Please set down all of the data below verbatim.

(Data items)
++++

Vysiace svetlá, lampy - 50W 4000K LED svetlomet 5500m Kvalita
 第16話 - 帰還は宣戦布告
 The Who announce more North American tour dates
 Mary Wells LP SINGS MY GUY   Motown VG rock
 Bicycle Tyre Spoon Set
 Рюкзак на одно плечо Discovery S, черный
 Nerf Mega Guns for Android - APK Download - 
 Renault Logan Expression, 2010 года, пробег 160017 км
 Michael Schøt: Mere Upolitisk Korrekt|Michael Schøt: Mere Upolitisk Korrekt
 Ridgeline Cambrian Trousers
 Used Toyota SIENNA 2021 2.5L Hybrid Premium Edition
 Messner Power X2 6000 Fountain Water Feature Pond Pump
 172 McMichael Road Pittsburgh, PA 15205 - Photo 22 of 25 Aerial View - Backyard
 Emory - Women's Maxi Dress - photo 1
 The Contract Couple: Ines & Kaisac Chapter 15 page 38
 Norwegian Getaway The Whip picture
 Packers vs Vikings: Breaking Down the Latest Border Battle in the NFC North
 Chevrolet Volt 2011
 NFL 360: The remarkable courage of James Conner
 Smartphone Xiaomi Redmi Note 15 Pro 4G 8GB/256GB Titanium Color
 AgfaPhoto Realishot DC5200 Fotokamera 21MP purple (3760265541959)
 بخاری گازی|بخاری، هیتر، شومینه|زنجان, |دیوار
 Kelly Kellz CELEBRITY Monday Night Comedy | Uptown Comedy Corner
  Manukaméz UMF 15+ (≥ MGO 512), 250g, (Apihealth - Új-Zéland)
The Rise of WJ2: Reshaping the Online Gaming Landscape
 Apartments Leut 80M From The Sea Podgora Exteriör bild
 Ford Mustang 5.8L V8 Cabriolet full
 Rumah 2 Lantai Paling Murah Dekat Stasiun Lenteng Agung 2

++++

Task result
Vysiace svetlá, lampy - 50W 4000K LED svetlomet 5500m Kvalita
 第16話 - 帰還は宣戦布告
 The Who announce more North American tour dates
 Mary Wells LP SINGS MY GUY   Motown VG rock
 Bicycle Tyre Spoon Set
 Рюкзак на одно плечо Discovery S, черный
 Nerf Mega Guns for Android - APK Download - 
 Renault Logan Expression, 2010 года, пробег 160017 км
 Michael Schøt: Mere Upolitisk Korrekt|Michael Schøt: Mere Upolitisk Korrekt
 Ridgeline Cambrian Trousers
 Used Toyota SIENNA 2021 2.5L Hybrid Premium Edition
 Messner Power X2 6000 Fountain Water Feature Pond Pump
 172 McMichael Road Pittsburgh, PA 15205 - Photo 22 of 25 Aerial View - Backyard
 Emory - Women's Maxi Dress - photo 1
 The Contract Couple: Ines & Kaisac Chapter 15 page 38
 Norwegian Getaway The Whip picture
 Packers vs Vikings: Breaking Down the Latest Border Battle in the NFC North
 Chevrolet Volt 2011
 NFL 360: The remarkable courage of James Conner
 Smartphone Xiaomi Redmi Note 15 Pro 4G 8GB/256GB Titanium Color
 AgfaPhoto Realishot DC5200 Fotokamera 21MP purple (3760265541959)
 بخاری گازی|بخاری، هیتر، شومینه|زنجان, |دیوار
 Kelly Kellz CELEBRITY Monday Night Comedy | Uptown Comedy Corner
  Manukaméz UMF 15+ (≥ MGO 512), 250g, (Apihealth - Új-Zéland)
The Rise of WJ2: Reshaping the Online Gaming Landscape
 Apartments Leut 80M From The Sea Podgora Exteriör bild
 Ford Mustang 5.8L V8 Cabriolet full
 Rumah 2 Lantai Paling Murah Dekat Stasiun Lenteng Agung 2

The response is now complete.